Aber es gibt ja noch die Monde! Jupiter und Saturn werden von großen Monden umkreist und wir wissen, dass auf einigen von ihnen flüssiges Wasser existiert: Zum Beispiel dem Jupitermond Europa oder dem Saturnmond Enceladus. Und der Saturnmond Titan hat einen exotischen Methankreislauf mit Flüssen und Seen auf dem sich unter Umständen auch spezielle Arten des Lebens niederlassen können. Deswegen haben Worth und ihre Kollegen auch nochmal im Detail simuliert, wie viele Bruchstücke der Erde die in die Nähe von Jupiter bzw. Saturn gelangen dann nicht auf dem Planeten selbst sondern auf ihren Monden einschlagen. Viele sind es nicht, aber ein paar waren es doch. Von knapp einer halben Million simulierter Trümmerteile landeten immerhin 73 auf Io, 40 auf Ganymede und 36 auf Europa. Callisto bekam noch 7 Bruchstücke ab. Bei Saturn sieht es schlechter aus; von knapp 28.000 simulierten Trümmern landeten 2 auf Enceladus und 3 auf Titan.
Nur ein winziger Bruchteil eines Prozents aller Trümmer die es bis zu Jupiter oder Saturn schaffen landen also auf den dortigen Monden. Aber ein winziger Bruchteil ist nicht nichts und das Sonnensystem ist 4,5 Milliarden Jahre alt – da ist genug Zeit, damit so etwas auch tatsächlich passieren kann. Vorausgesetzt, die Kollisionen die die Trümmer der Erde ins All schleudern sind entsprechend heftig. Worth und ihre Kollegen haben auch das simuliert und nachgesehen, wie viele Kollisionen während der letzten 3,5 Milliarden Jahren – also ungefähr der Zeitraum, in dem Leben auf der Erde existiert – Material ausreichend heftig ins All geschleudert haben und wie viel Material davon zu den Monden der Gasriesen gelangt.
Überraschend viel! Knapp 2000 Tonnen Gestein von der Erde müssen auf dem Jupitermond Europa gelandet sein (vom Mars kamen ebenfalls knapp 2000 Tonnen). 1000 Tonnen haben es immerhin noch von der Erde bis zum Saturnmond Enceladus geschafft und 1500 Tonnen zum Titan.
Besonders Europa ist ein interessantes Ziel für Bruchstücke der Erde.
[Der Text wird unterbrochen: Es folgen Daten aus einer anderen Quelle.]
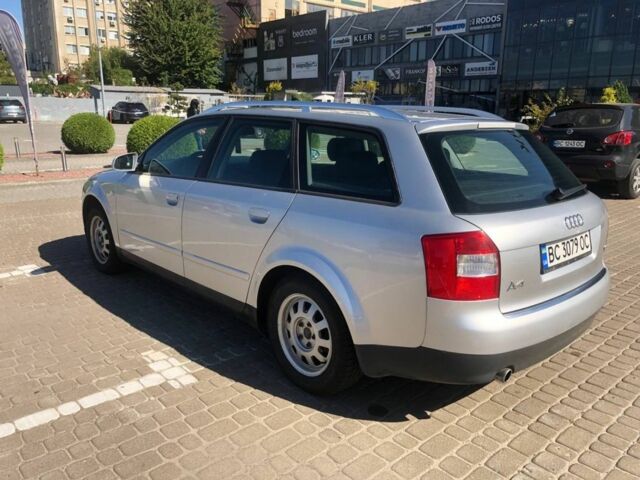 Серый Ауди А4, объемом двигателя 1.6 л и пробегом 216 тыс. км за 4900 $, фото 2 на Automoto.ua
Wir wissen schon länger, dass unter dem dicken Eispanzer des Mondes Ozean aus flüssigem Wasser liegt. Der Einschlag eines Meteoriten dürfte zwar nicht kräftig genug sein um die kilometerdicke Eisschicht zu durchbrechen. Aber die weist ganz von allein immer wieder Lücken auf. Erst vor wenigen Tagen wurde bekannt gegeben, dass das Hubble-Weltraumteleskop Wasserdampf auf Europa beobachtet hat. Man geht nun davon aus, dass es auch dort Eisvulkanismus gibt wie er schon 2005 auf dem Saturnmond Enceladus gefunden wurde. Die Gezeitenkräfte des Jupiters scheinen die Eisschicht von Europa ab und zu aufzubrechen und dann kann Wasser aus dem unterirdischen Ozean an die Oberfläche gelangen.
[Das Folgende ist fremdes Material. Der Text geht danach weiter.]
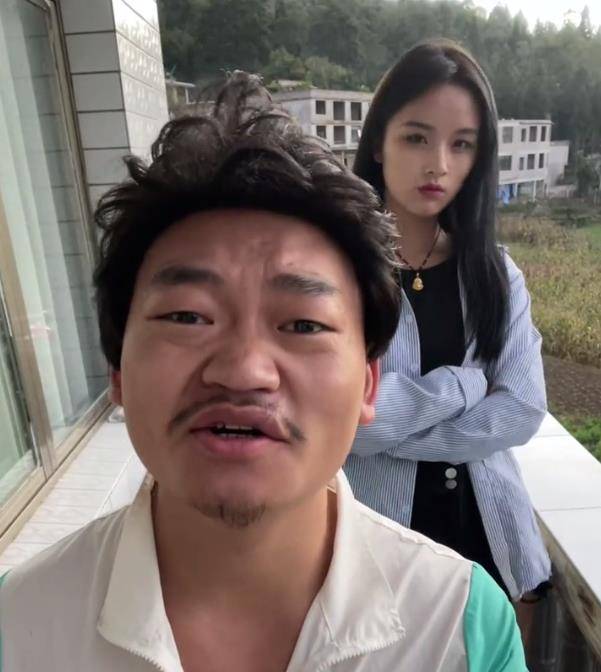 牛蓉|男网红取名“王宝弱”,消费宝强还捆绑马蓉,称要找姓宋的经纪人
Oder Mikroorganismen aus Erdmeteoriten von der Oberfläche in den geschützten Bereich unter dem Eis wo sie sich weiter entwickeln können…
Wir haben leider noch keine Ahnung, was sich unter dem Eis von Europa abspielt und ob dort einfach nur Wasser zu finden ist oder ein Ozean voller Leben. Und wir wissen auch nicht, ob die Erde ihr Leben irgendwann einmal wirklich zu einem anderen Himmelskörper exportiert hat. Aber die Simulationen von Worth und ihren Kollegen sagen uns zumindest, dass es nicht so unwahrscheinlich ist wie es klingt und im Laufe der letzten paar Milliarden Jahre zumindest ein paar Steine von der Erde auf Europa, Enceladus, Titan und den anderen Himmelskörper gelandet sein müssen. Ob die allerdings Passagiere an Bord hatten und ob die dort überleben konnten ist eine ganz andere Frage. Es wird langsam mal Zeit, dass wir eine Raumsonde zu Europa schicken!